Nach der ersten halben Stunde Schauen war klar: das wird eine 5. Dann gab es aber doch Gründe, v.a. im Thema liegend, nicht in der Präsentation, nach oben zu korrigieren.

Der Film beginnt 2003 in Mexiko. Pater Peter Williams betreibt mit der Schwester (i.S.v. Nonne / Ordensschwester) Magali ein Waisenhaus für Kinder – und verliebt sich in sie. Plötzlich ist sie vom Teufel oder einem Dämon besessen und Williams wagt sich ohne Rückendeckung aus dem Vatikan und vor Ankunft eines erfahreneren Kollegen, Michael, an den Exorzismus.
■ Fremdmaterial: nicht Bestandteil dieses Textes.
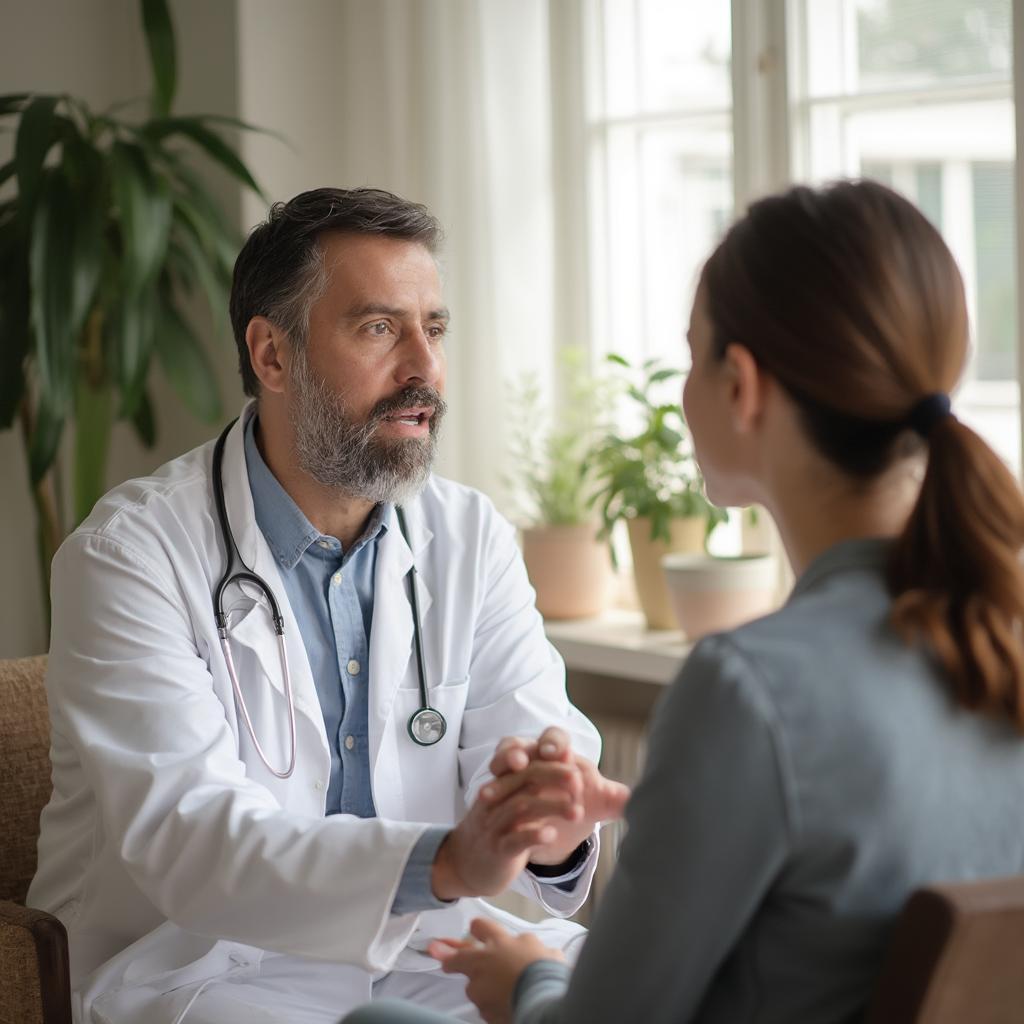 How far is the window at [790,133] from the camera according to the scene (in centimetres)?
254

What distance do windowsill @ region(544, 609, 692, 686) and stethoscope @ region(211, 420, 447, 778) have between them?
90cm

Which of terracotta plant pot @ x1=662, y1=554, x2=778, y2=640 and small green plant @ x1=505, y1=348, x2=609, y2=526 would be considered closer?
terracotta plant pot @ x1=662, y1=554, x2=778, y2=640

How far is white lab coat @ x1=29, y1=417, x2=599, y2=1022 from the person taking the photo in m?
1.48

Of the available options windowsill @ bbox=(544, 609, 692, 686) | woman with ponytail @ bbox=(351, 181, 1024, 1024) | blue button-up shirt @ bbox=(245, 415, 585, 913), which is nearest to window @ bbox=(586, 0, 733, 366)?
windowsill @ bbox=(544, 609, 692, 686)

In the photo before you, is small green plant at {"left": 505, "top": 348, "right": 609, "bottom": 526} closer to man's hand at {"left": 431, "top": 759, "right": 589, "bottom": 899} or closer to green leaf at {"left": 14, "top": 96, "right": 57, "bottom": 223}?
green leaf at {"left": 14, "top": 96, "right": 57, "bottom": 223}

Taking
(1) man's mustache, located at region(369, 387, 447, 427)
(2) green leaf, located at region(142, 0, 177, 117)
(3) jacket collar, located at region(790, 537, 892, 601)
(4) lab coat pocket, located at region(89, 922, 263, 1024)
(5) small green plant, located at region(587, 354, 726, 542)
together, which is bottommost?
(4) lab coat pocket, located at region(89, 922, 263, 1024)

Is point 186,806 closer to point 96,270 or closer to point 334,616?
point 334,616

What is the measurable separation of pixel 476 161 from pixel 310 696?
1.72 meters

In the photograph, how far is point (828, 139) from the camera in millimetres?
2750

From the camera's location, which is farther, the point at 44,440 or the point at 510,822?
the point at 44,440

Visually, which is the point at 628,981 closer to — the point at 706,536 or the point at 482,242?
the point at 706,536

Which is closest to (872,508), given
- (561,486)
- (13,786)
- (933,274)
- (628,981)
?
(933,274)

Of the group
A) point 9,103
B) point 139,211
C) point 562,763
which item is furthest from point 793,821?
point 9,103

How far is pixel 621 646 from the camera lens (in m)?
2.79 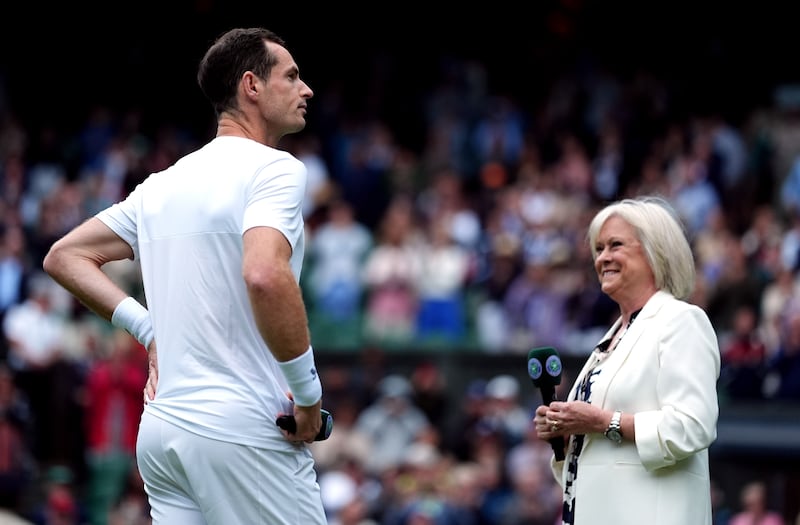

Gleich zu Anfang präsentiert Hidalgo uns ‚Sex sells‘. Die Brustwarzen der Besessenen spannen so unter dem Nachthemd, daß man um den Stoff fürchten muß. Kurz sieht man Magali, die den Priester kontinuierlich sexuell erregen will, oben ohne, bevor sie sich selbst stimuliert, was mit einem lauten, aufdringlichen, feucht-schmatzenden Geräusch einhergeht. Während ich die Augenbrauen hochziehe, fällt der Priester auf den Dämon herein: er meint, ihn austreiben zu können, doch durch einen Kuß überträgt dieser sich auf Williams und bringt den Priester dazu, Magali zu vergewaltigen. Man mag das als kraß blasphemische Szene (für einen Priester) deuten, aber hier wird schon gezeigt, daß der Dämon über nicht zugelassene Gefühle in den Menschen eindringen kann.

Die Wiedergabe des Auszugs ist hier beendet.